Okay ladies, it is matte in real life. I will get better pics soon but unfortunately this morning on my way to work, the brake booster pump failed. Crawled slowly to the dealership. :banghead:

It's in the dealership now to get it replaced under warranty. It'll be ready by next week as they quoted.

Sorry.


----------



## xnox202 (May 18, 2009)

Gbeav said:


> Get the hood done and go full skunk.
> 
> :thumbup:


Maybeeeeeeee... but maybe not.


----------



## fuzionx (Aug 20, 2008)

Yeah matte white doesn't show very well in the pics. Eager to see new ones! Very unique style. Not a huge fan of the black trunk but props for doing something different :thumbup:


----------



## Tcardio (Mar 19, 2009)

go for broke and make a splash in the baller society by using carbon fiber and resin on the rear valence and chin spoiler. imo THAT would make for one of the best externally modded cars ever. DO IT DO IT DO IT DO IT


----------



## Uber-A3 (Feb 23, 2002)

tcardio said:


> go for broke and make a splash in the baller society by using carbon fiber and resin on the rear valence and chin spoiler. imo THAT would make for one of the best externally modded cars ever. DO IT DO IT DO IT DO IT


or a rolling abortion, either way WE win!!


----------



## Presns3 (Mar 6, 2006)

i think joser2k already has a carbon hatch


----------



## NYCameron (Nov 17, 2010)

Presns3 said:


> i think joser2k already has a carbon hatch


it's only carbon vinyl wrapped


----------



## TroySico (Apr 20, 2002)

xnox202 said:


> Enjoy!


Okay....how did you do the wheels? I am loving those...!


----------



## Krieger (May 5, 2009)

cover the lip/ inner part, paint outside facing.
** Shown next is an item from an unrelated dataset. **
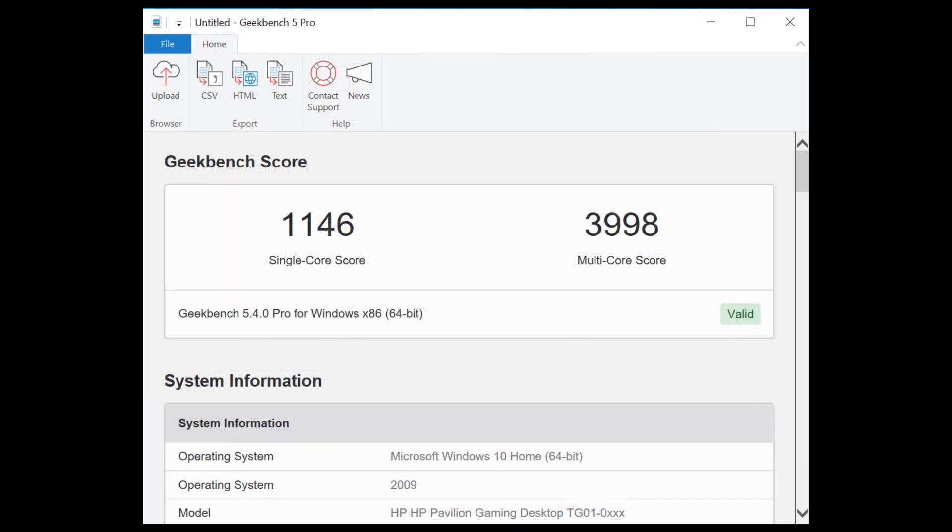On Geekbench 5.4, we get a single core score of 1146, which is pretty decent. Anything above a thousand is usually good enough for gaming and most normal usage, although higher is always better. The multi-core score is only 3998 in the stock configuration. The multi-core score is really hurt by the RAM running in single channel mode.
swap it around, and repeat but for the inside. :beer:


----------



## xnox202 (May 18, 2009)

TroySico said:


> Okay....how did you do the wheels? I am loving those...!





Krieger said:


> cover the lip/ inner part, paint outside facing.
> 
> swap it around, and repeat but for the inside. :beer:


^^ Correct, hehehe.:laugh:



fuzionx said:


> Yeah matte white doesn't show very well in the pics. Eager to see new ones! Very unique style. Not a huge fan of the black trunk but props for doing something different :thumbup:


Thanks for the kind words.


----------



## cleanA3 (Jun 23, 2007)

Looks good , like to se better pics to show the paint


----------



## tony a3 (Jul 31, 2010)

Awesome... just awesome. First, I'm biased because I love white cars. But the small details are just mental. Well sorted!


----------



## tomekpl21 (Feb 24, 2011)

I want MOAR


----------



## xnox202 (May 18, 2009)

No new picture updates but I do have an update from the local dealership saying the booster pump is still being ordered.  Pretty stumped. I still haven't got the chance to wash the car inside/out for a good photoshoot session when the brake failed.

Counting the days..


----------



## daniel.ramirez (Nov 24, 2001)

love the black grill!


----------